→ What you will do
Rewrite the full material exactly; no line may be skipped.

===== Input data

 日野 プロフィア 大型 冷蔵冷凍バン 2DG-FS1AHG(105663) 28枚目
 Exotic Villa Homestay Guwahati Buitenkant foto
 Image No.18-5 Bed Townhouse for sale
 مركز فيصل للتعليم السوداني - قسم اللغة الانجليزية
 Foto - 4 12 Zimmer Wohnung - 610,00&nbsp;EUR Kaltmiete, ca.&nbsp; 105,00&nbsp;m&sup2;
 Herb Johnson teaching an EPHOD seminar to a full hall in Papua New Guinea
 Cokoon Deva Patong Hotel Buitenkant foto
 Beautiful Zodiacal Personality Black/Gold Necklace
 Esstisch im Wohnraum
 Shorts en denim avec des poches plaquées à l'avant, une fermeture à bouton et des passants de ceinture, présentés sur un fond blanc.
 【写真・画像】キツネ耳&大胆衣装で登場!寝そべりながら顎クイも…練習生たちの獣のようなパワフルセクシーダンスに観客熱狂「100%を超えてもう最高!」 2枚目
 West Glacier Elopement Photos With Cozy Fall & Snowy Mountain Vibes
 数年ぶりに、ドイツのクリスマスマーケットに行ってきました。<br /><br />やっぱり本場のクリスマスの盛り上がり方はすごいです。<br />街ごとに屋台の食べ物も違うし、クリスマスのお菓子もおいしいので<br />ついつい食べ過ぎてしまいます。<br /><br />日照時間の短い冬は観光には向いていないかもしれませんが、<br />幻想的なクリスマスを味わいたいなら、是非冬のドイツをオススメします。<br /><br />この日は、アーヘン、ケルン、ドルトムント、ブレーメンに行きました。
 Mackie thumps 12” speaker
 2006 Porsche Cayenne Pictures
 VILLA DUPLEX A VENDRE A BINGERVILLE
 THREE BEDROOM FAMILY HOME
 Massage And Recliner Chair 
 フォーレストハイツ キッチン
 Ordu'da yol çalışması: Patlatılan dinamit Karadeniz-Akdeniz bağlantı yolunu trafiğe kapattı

==========

→ Output
 日野 プロフィア 大型 冷蔵冷凍バン 2DG-FS1AHG(105663) 28枚目
 Exotic Villa Homestay Guwahati Buitenkant foto
 Image No.18-5 Bed Townhouse for sale
 مركز فيصل للتعليم السوداني - قسم اللغة الانجليزية
 Foto - 4 12 Zimmer Wohnung - 610,00&nbsp;EUR Kaltmiete, ca.&nbsp; 105,00&nbsp;m&sup2;
 Herb Johnson teaching an EPHOD seminar to a full hall in Papua New Guinea
 Cokoon Deva Patong Hotel Buitenkant foto
 Beautiful Zodiacal Personality Black/Gold Necklace
 Esstisch im Wohnraum
 Shorts en denim avec des poches plaquées à l'avant, une fermeture à bouton et des passants de ceinture, présentés sur un fond blanc.
 【写真・画像】キツネ耳&大胆衣装で登場!寝そべりながら顎クイも…練習生たちの獣のようなパワフルセクシーダンスに観客熱狂「100%を超えてもう最高!」 2枚目
 West Glacier Elopement Photos With Cozy Fall & Snowy Mountain Vibes
 数年ぶりに、ドイツのクリスマスマーケットに行ってきました。<br /><br />やっぱり本場のクリスマスの盛り上がり方はすごいです。<br />街ごとに屋台の食べ物も違うし、クリスマスのお菓子もおいしいので<br />ついつい食べ過ぎてしまいます。<br /><br />日照時間の短い冬は観光には向いていないかもしれませんが、<br />幻想的なクリスマスを味わいたいなら、是非冬のドイツをオススメします。<br /><br />この日は、アーヘン、ケルン、ドルトムント、ブレーメンに行きました。
 Mackie thumps 12” speaker
 2006 Porsche Cayenne Pictures
 VILLA DUPLEX A VENDRE A BINGERVILLE
 THREE BEDROOM FAMILY HOME
 Massage And Recliner Chair 
 フォーレストハイツ キッチン
 Ordu'da yol çalışması: Patlatılan dinamit Karadeniz-Akdeniz bağlantı yolunu trafiğe kapattı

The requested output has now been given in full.